#### Task to complete
Without the pictures, repeat all of the data exactly as it appears below.
---- Extracted records
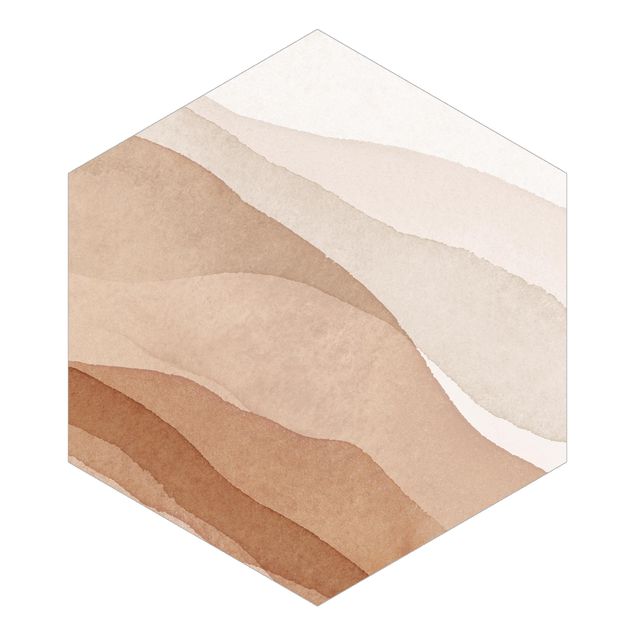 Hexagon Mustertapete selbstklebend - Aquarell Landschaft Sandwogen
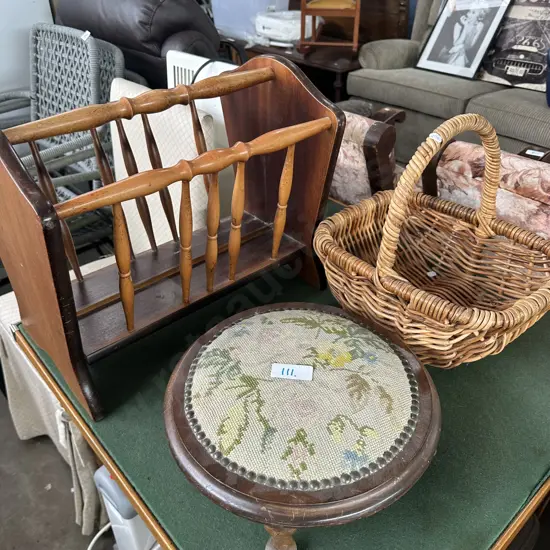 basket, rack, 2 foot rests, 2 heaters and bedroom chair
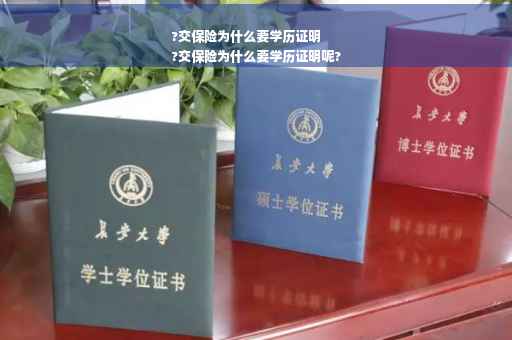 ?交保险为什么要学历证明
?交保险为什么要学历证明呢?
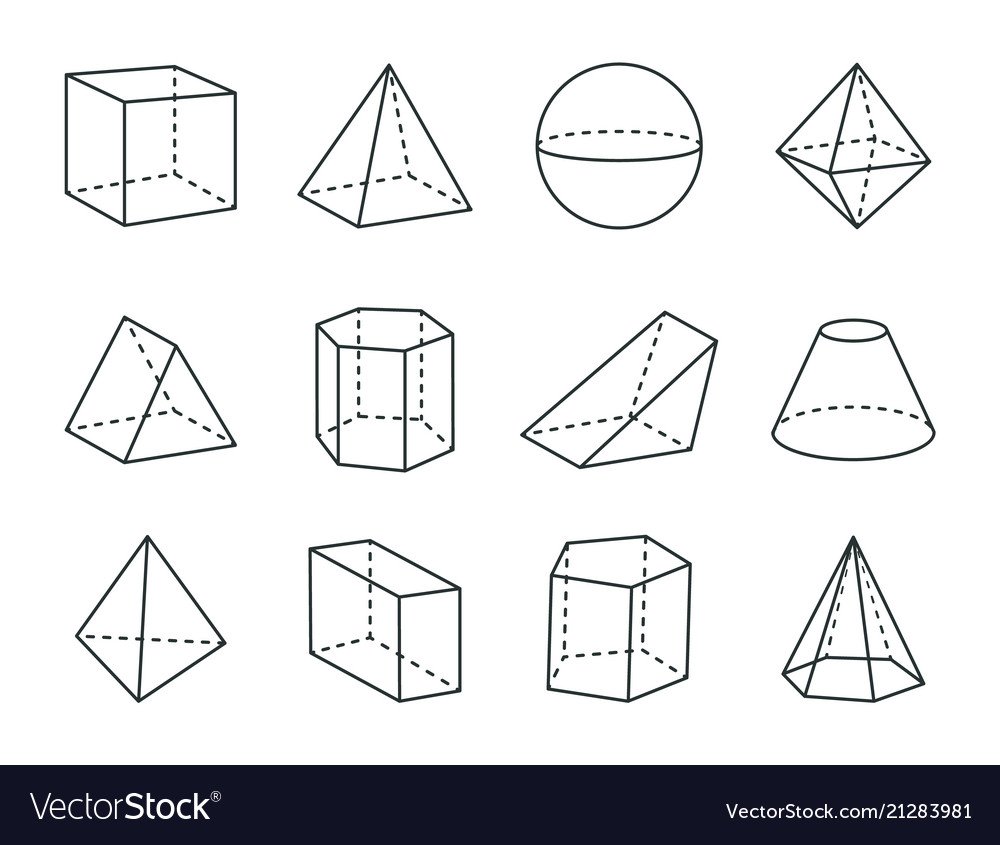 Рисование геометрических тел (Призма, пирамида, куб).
--------
#### Exercise solution
 Hexagon Mustertapete selbstklebend - Aquarell Landschaft Sandwogen
 basket, rack, 2 foot rests, 2 heaters and bedroom chair
 ?交保险为什么要学历证明
?交保险为什么要学历证明呢?
 Рисование геометрических тел (Призма, пирамида, куб).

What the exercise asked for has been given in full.